One pan-regional manager who was approached about a portfolio-level SLL claims to have been nonplussed by the offering. The manager recognised that it would burnish his firm’s ESG credentials, but he concluded that the cost savings would be minimal. Meanwhile, the additional reporting would not be additive to what he claims is a comprehensive in-house ESG program.
“It’s great in terms of fundraising. You can say you are at the forefront of ESG, to the extent that even your financing is green, and ESG is everything right now,” the manager added. “It wasn’t for me.”
The key is balance. KPIs must meet the needs of all stakeholders – lender, sponsor, and company – by combining materiality and ambition with a dose of pragmatism. In selecting these metrics, a company is effectively mapping out its ESG journey, and this can only be achieved with detailed datasets and clarity as to what is being measured and what improvement looks like.

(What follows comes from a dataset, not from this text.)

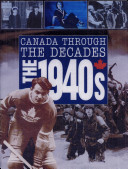 Canada Through the Decades: The 1940s cover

Heltzer of Ares notes that many businesses are still in the process of understanding how to put together ESG programs. The leap from there to true accountability based on an agreed set of metrics is substantial, but he has seen considerable progress in this area over the past few years.
Even as regulators and industry associations add flesh to the bones of policies and best-practice principles, helping to eliminate more reckless behaviour, a lot of experimentation is happening. This will add to the pool of knowledge and experience, and ultimately, help SLLs move towards greater standardisation and wider usage.
“Not all these things are going to work, and we need to be okay with that,” added Carlyle’s Starr. “We must experience failure, and then learn and progress from it. Sustainability-linked loans principles have been useful in outlining what makes a valid ESG-linked financing, and we see the sophistication and ambition ramping up with each financing.”